Constatações metafísicas 3 

Houve um tempo em que Natal era motivo de grandes comemorações. A chegada do Natal, quero dizer. Havia excitação e os dias eram contados menos pelo aniversário da mãe que pela possibilidade católica de se montar a árvore.
Finalmente, oito de dezembro, a caixa saía de algum lugar alto, durante muito tempo o guarda-roupas dos pais, depois só da mãe, até ir parar no meu. A mãe tirava a poeira, sentava no chão com a filha e ia alinhando os enfeites de um ano passado qualquer. As bolas vermelhas e prateadas, sempre, o festão, o piscapisca que seria trocado, os anjinhos e papais noéis e muitos laços, que a mãe gosta de laços.
À filha só era dado observar. No máximo passar um a um os galhos da árvore desmontável que iria ganhando vida, e era um pouco só maior que a filha. Montada a árvore, a menina podia ajudar.
Passava as bolinhas, grandes e pequenas, alinhadas normalmente de três em três e amarradas com arame, para serem penduradas.
Era um momento de tensão. A filha se lembra de tremer enquanto passava as bolinhas, o medo de quebrar uma delas era enorme. As bolinhas eram a coisa mais fascinante e mais frágil de todo o Natal. Como a Beatriz da canção. Prestes a quebrar a qualquer segundo.
Era preciso muita delicadeza, muito amor, para lidar com as bolinhas de Natal. Elas eram de vidro, segundo consta, um vidro finíssimo que ao se partir deixava milhares de cacos no chão e pequenas farpas nos dedos.
As bolinhas se espatifavam. Não deixar que o praticamente inevitável ocorresse era o grande desafio das noites de montagem de árvore para a filha. Ao que conste, ela nunca conseguiu não quebrar uma bolinha.
Faz algum tempo que a filha já não acompanha a montagem da árvore. Em sua casa-miniatura, nem mesmo há alusão alguma ao Natal. A filha não sabe bem como lidar com algumas tradições. E, não sabe bem por que, o Natal parou de ter um sentido há alguns anos.
Passeando por uma loja especializada em artigos natalinos para tentar se empolgar com as folias de noel, dia desses, a filha se deparou com baús e baús de bolinhas natalinas, arrumadas sem muito critério.
Elas eram foscas, e se jogadas no chão não quebravam. Faziam um barulho seco do plástico no chão e quicavam. Quicavam.
O Natal já não era frágil há alguns anos, desde que as bolinhas deixaram de se quebrar. E subitamente a filha se lembrou do primeiro ano em que a mãe, animada, lhe mostrara a novidade, e a menina não resistiu ao ímpeto de apertar a bolinha entre os dedos, na tentativa (vã) de que todos os cacos do Natal entrassem na sua mão. Nada disso aconteceu, nem um leve amassado.
Assim como nada disso aconteceu quando, na loja, a filha apertou no limite das forças um saco de bolinhas, esperando que o tempo voltasse, e ali era teria vontade novamente de montar a árvore.
Novamente, nada aconteceu. Nem um leve amassado.
A filha então compreendeu que o Natal não é mais o mesmo desde que as bolinhas deixaram de ser um desafio intangível e passaram a quicar seco no chão. Desde que ela foi capaz.
Hoje, a filha prefere imensamente os ovos de páscoa.

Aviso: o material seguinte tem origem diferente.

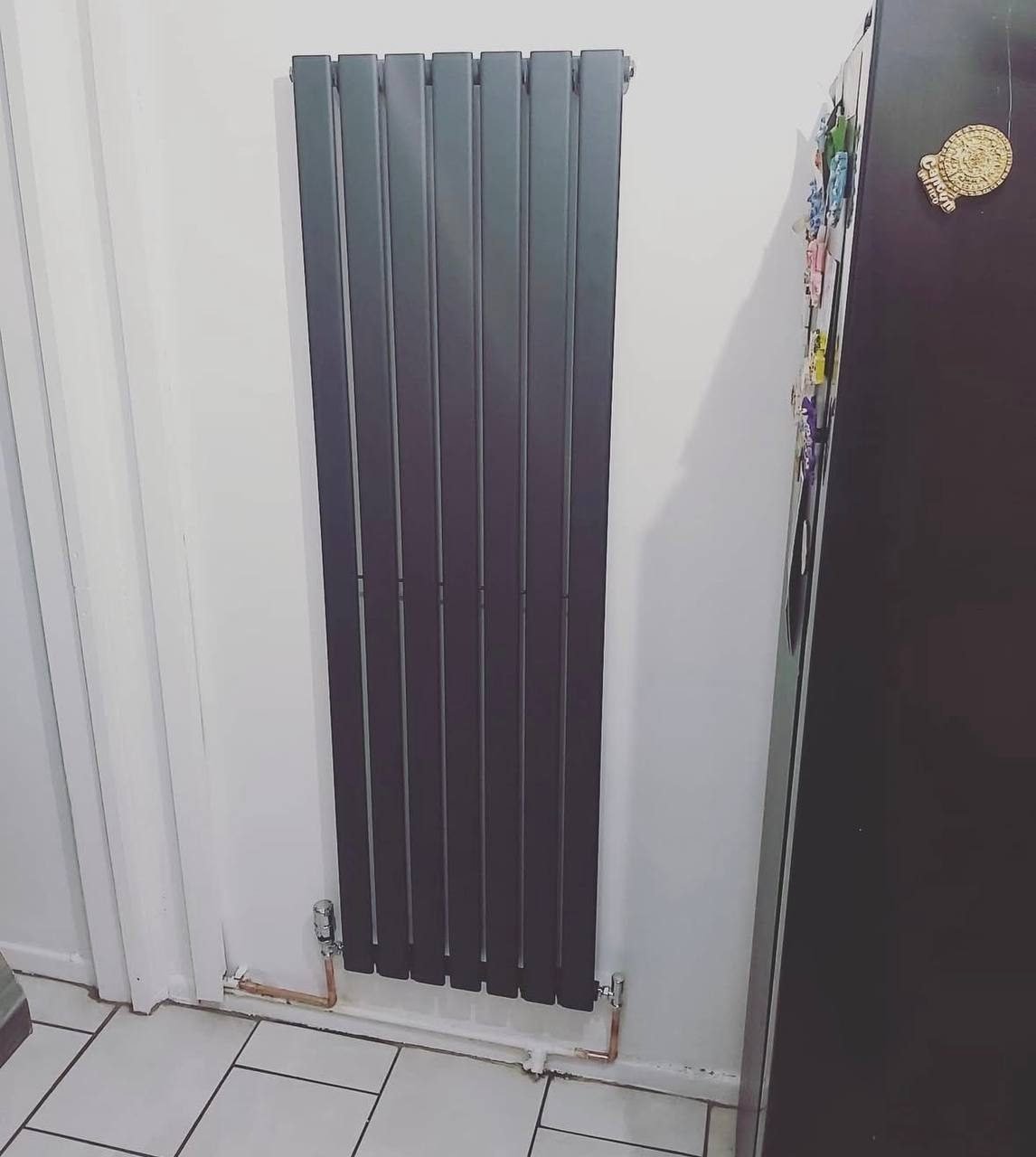 Tall anthracite vertical designer radiator fitted in a hallway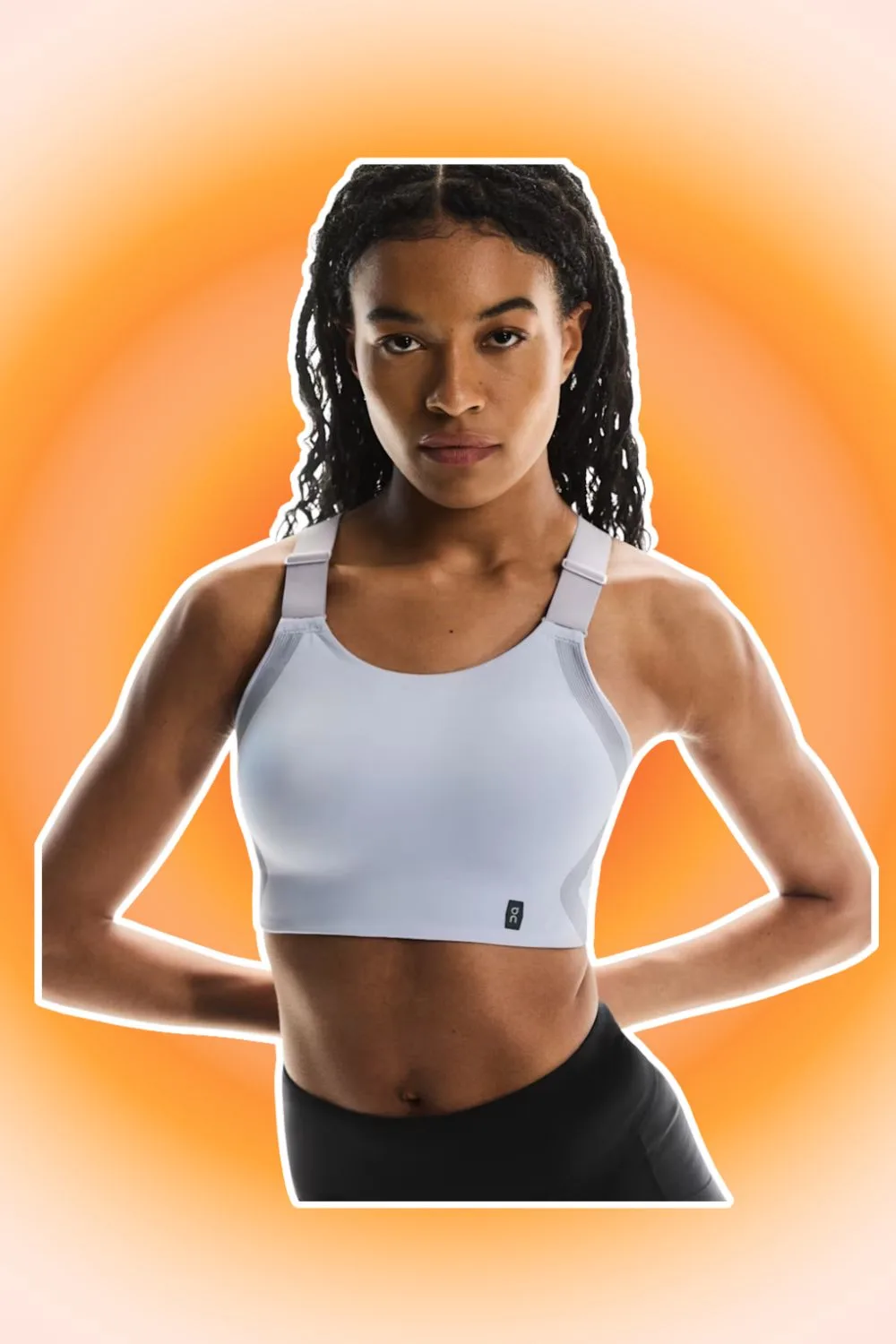 Woman with hair down wearing light great running sports bra. 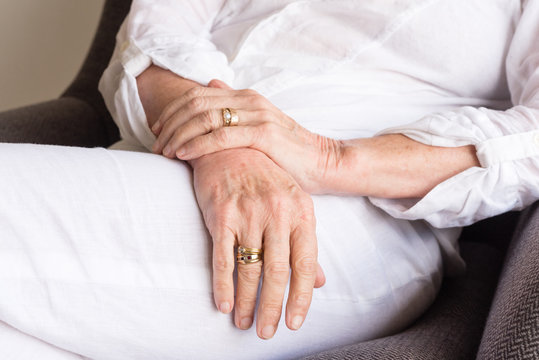 Close up of older woman's hands in relaxed position (cropped and selective focus)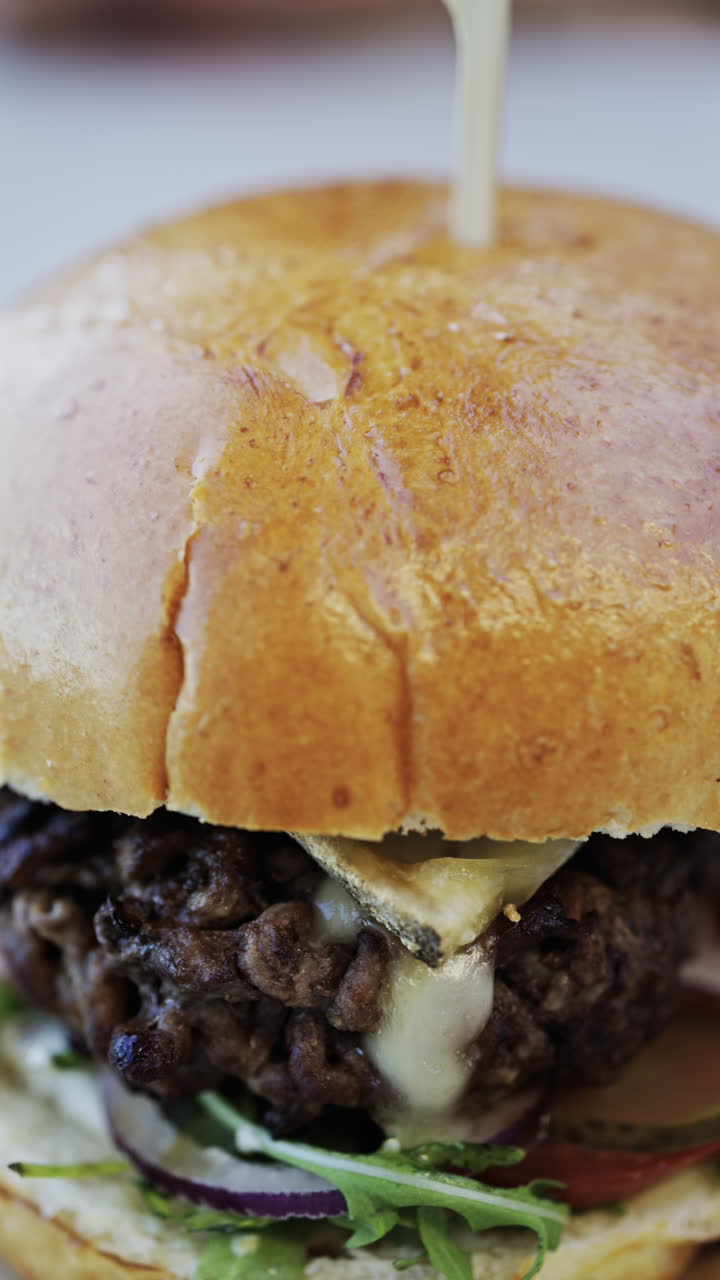 Close up of a hamburger on a plate at a restaurant. Vertical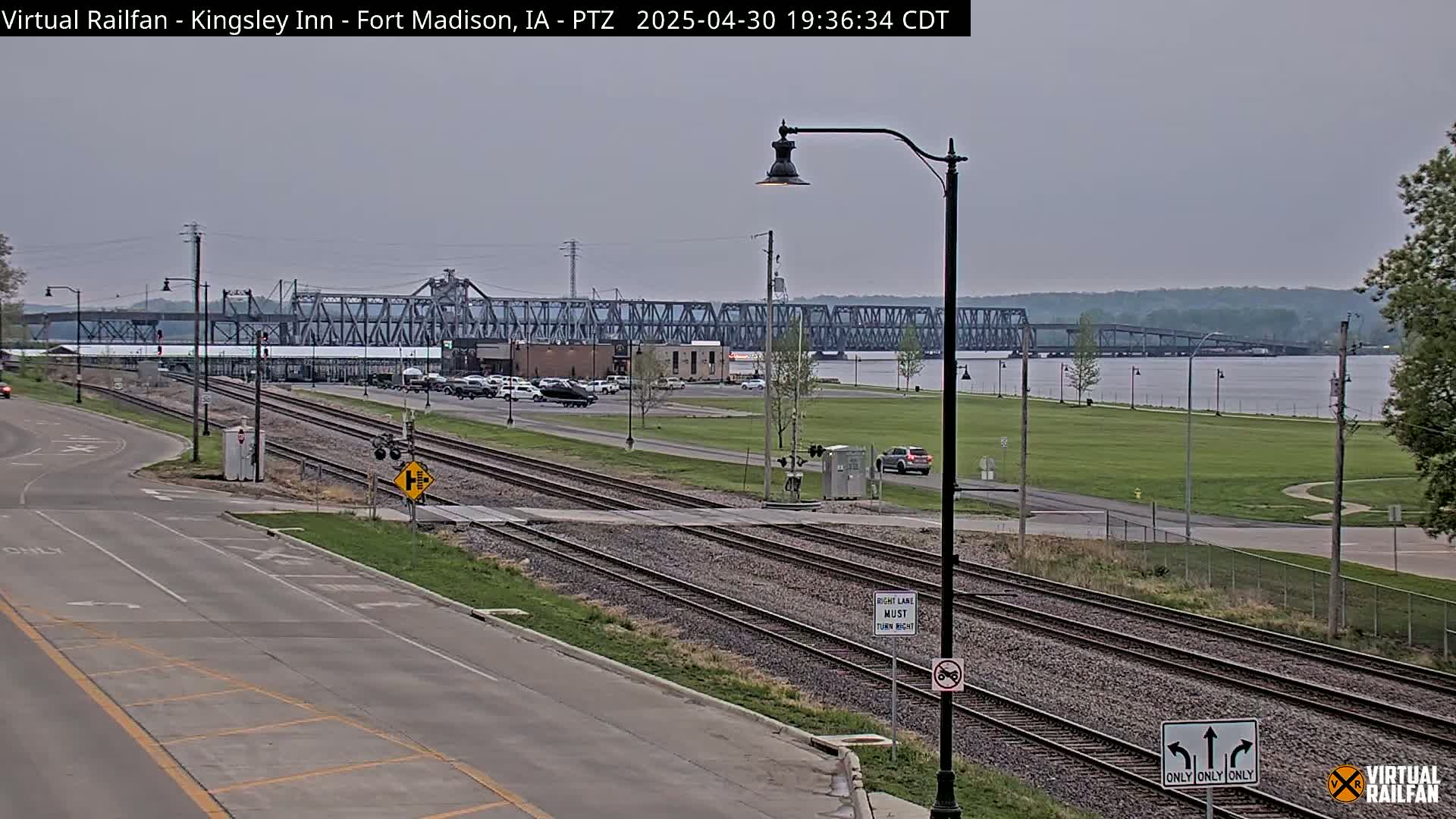 A view of railroad tracks crossing a road near a river, with a large bridge in the background under an overcast sky.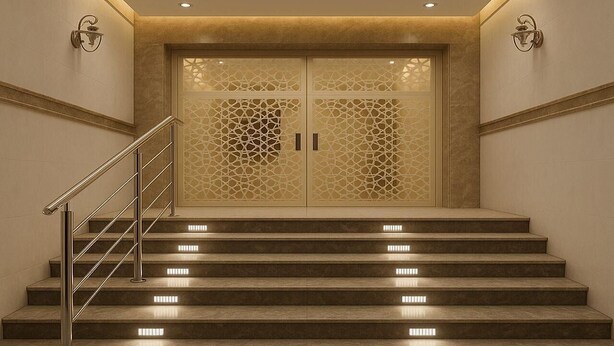 Um conjunto de degraus de mármore com guarda-corpo de metal que levam a uma porta dupla com desenhos geométricos detalhados.
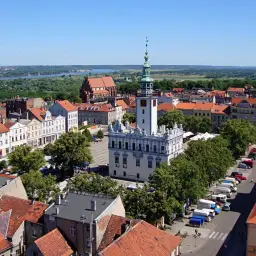Widok na rynek z ratuszem i wieżą, w tle kościół i ceglana wieża. Miasto przypomina trochę Bydgoszcz, ale to urokliwa Brodnica.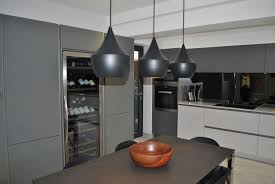 Countertops, faucets, sinks, toilets, cabinets, saunas, hot tubs This Slick Modern Kitchen Has Been Designed Mainly In Dark Grey With Contrasting Light Base Units The Dark Grey Handless Modern Kitchen White Worktop Kitchen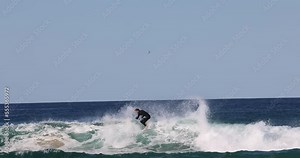 Gold Coast, Australia. November 22, 2022. Surfers at a popular beach in Surfers Paradise.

postado por antonina kowalski às 10:26

3dizem por aí:

At 22/11/06 05:18, Anonymous Anônimo disse...

lindo blog. só precisa acertar a cabeça q tá com um pedaço comido ali na parte superior e alinhar melhor esses textos, não?

 
At 27/11/06 07:23, Anonymous Anônimo disse...

uai.. mudou o leiáutí todo...
bjus!

 
At 3/12/06 11:40, Anonymous Anônimo disse...

Lá em casa as bolinhas sempre foram de plástico. E eu também prefiro os ovos de plástico. Quebram em mil pedaços para diminuir a culpa.